Using logs for fast multiplication
https://www.youtube.com/watch?v=GG9yOsPEGek
Here is a summary of the video transcript formatted in Markdown.
Tesla’s AI Patent: The “Multiplication to Addition” Breakthrough
Source: Dr. Know-it-all (crediting “Tesla Ming” for spotting the patent) Core Thesis: The fundamental rule for AI breakthroughs is “Multiplication is bad; Addition is good.” Tesla’s new patent applies this rule to solve long-term memory issues in Full Self-Driving (FSD) and Optimus robots.
1. The Problem: The Tyranny of Multiplication
In Neural Networks (NNs), memory and continuity rely on math. However, the traditional method of calculating weights involves heavy multiplication.
- The Exploding Gradient: When you multiply numbers (especially small ones like 0.01) over and over again—which happens in deep networks or over long timeframes (e.g., 30 seconds at 30fps)—the numbers eventually degrade.
- Vanishing: The number becomes effectively zero.
- Exploding: The number shoots toward infinity.
- The Consequence: The AI loses “memory.” A car might forget a stop sign seen 30 seconds ago because the mathematical values representing that stop sign have vanished due to repeated multiplication.
- The Hardware Cost: To combat this, computers usually increase precision (32-bit, 64-bit, 128-bit).
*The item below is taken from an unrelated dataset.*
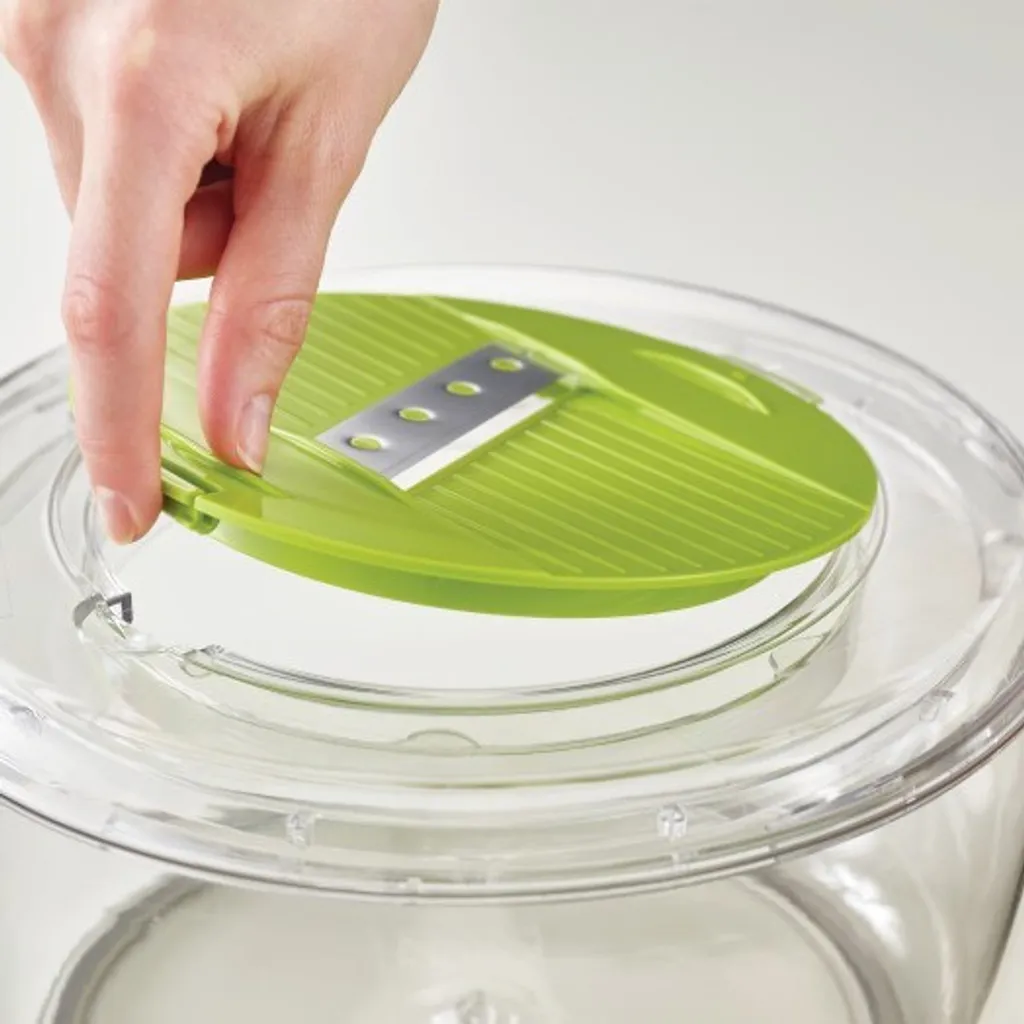 Joseph Joseph Multi-Prep™ 4-teiliges Salatzubereitungsset - Mehrfarbig – Bild 16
This requires massive memory bandwidth and compute power, which isn’t feasible in a car or humanoid robot due to power and thermal constraints.
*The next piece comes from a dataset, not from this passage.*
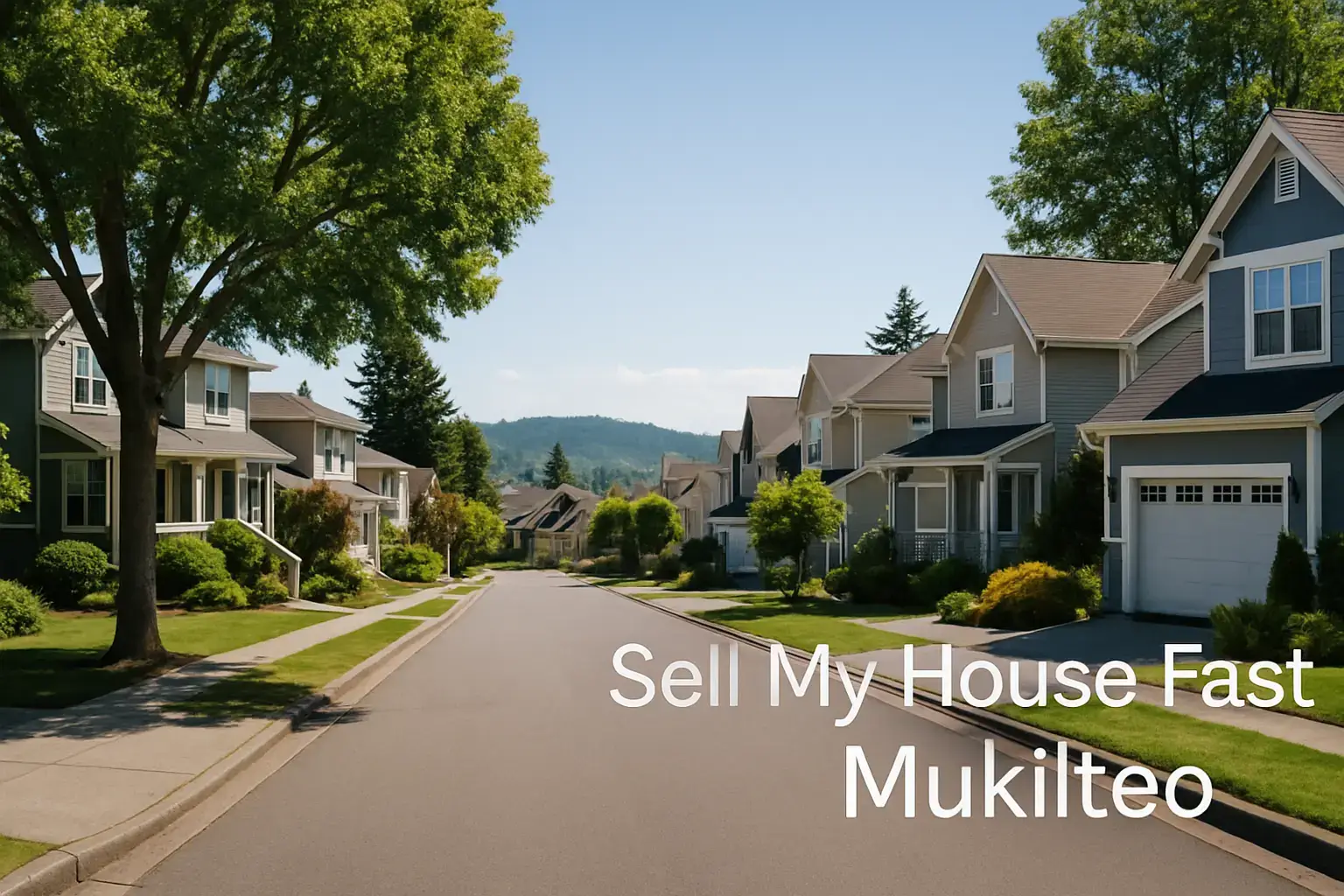 We Buy Houses Mukilteo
2. The Evolution of AI Memory
- RNNs & LSTMs: Earlier architectures used heavy multiplication and failed at long-context tasks.
- Transformers: Revolutionized AI by converting some multiplication into addition (via Attention mechanisms), allowing for larger context windows, though they still suffer from drift over long periods.
3. The Solution: Rotary Positional Encoding (RoPE)
Tesla utilizes a concept called RoPE. Instead of treating data as static numbers, it treats them as vectors (magnitude and direction).
- Rotation: To encode position/time, the vector is rotated.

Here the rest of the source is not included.